We are using Okapi Tikal tool for extraction of text from HTML files, also we are restoring HTML after translation by Tikal as well. So source for translation have tags and we have strange translation of these lines. Just a few examples:
SENT 1069: <g id="1"> Winaray </g>
PRED 1069: would the Commission be forced to insist on the situation in Western Germany ?
PRED SCORE: -43.64
SENT 1071: <g id="1"> ייִדיש </g>
PRED 1071: would the Commission be forced to insist on the situation in Western Germany ?
PRED SCORE: -43.64
SENT 1073: <g id="1"> Yorùbá </g>
PRED 1073: would the Commission be forced to insist on the situation in Western Germany ?
PRED SCORE: -43.64
Any thoughts how we can fix it? We have same results with -replace_unk and without it.
I don’t know all placeholders so I can’t create specified model. Best case if model can return same non-translated word at same position.
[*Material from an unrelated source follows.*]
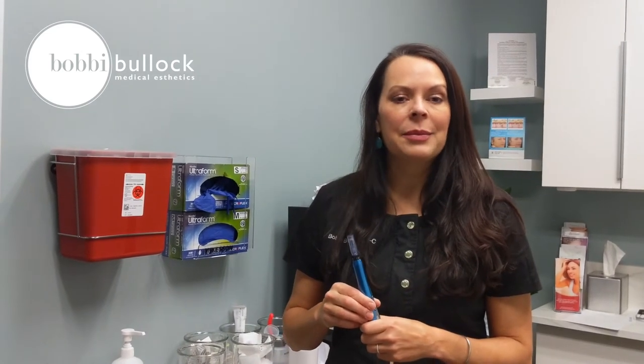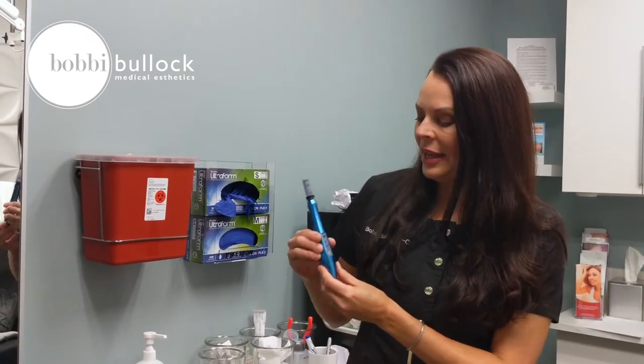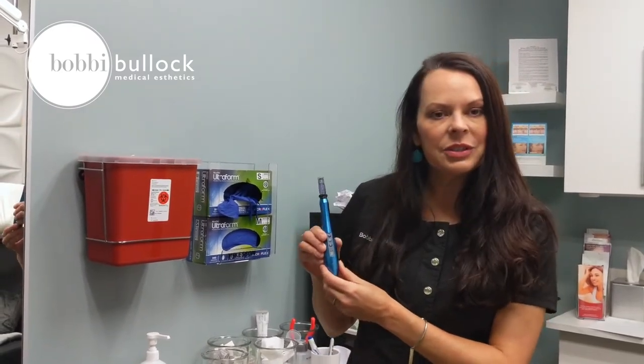Hi, my name is Bobbi Bullock. I'm a certified nurse practitioner and owner at Bobbi Bullock Medical Aesthetics. I'd like to talk to you about microneedling. Here at Bobbi Bullock Medical Aesthetics, we use the Rejuva Pen.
But as I know how network works - probably it’s not possible in direct way.
Now main questions - how to use Glossary with high priority than network translation and how to save non-translated words on their places without changes.
It all depends on the training data and what the model has learned.
Generally if a source word is out of vocabulary, it is likely that the network will translate it by an unknown word and then the -replace_unk feature might be able to copy it in the target. But remember that it is not doing a word by word translation so it might just drop it and the copy might also fail because the source word is unknown.
A more consistent approach is to apply the same logic as the named entities on the training data:
Personal thoughts: you could just build a radix tree with all the words you can translate and query it before each neural translation.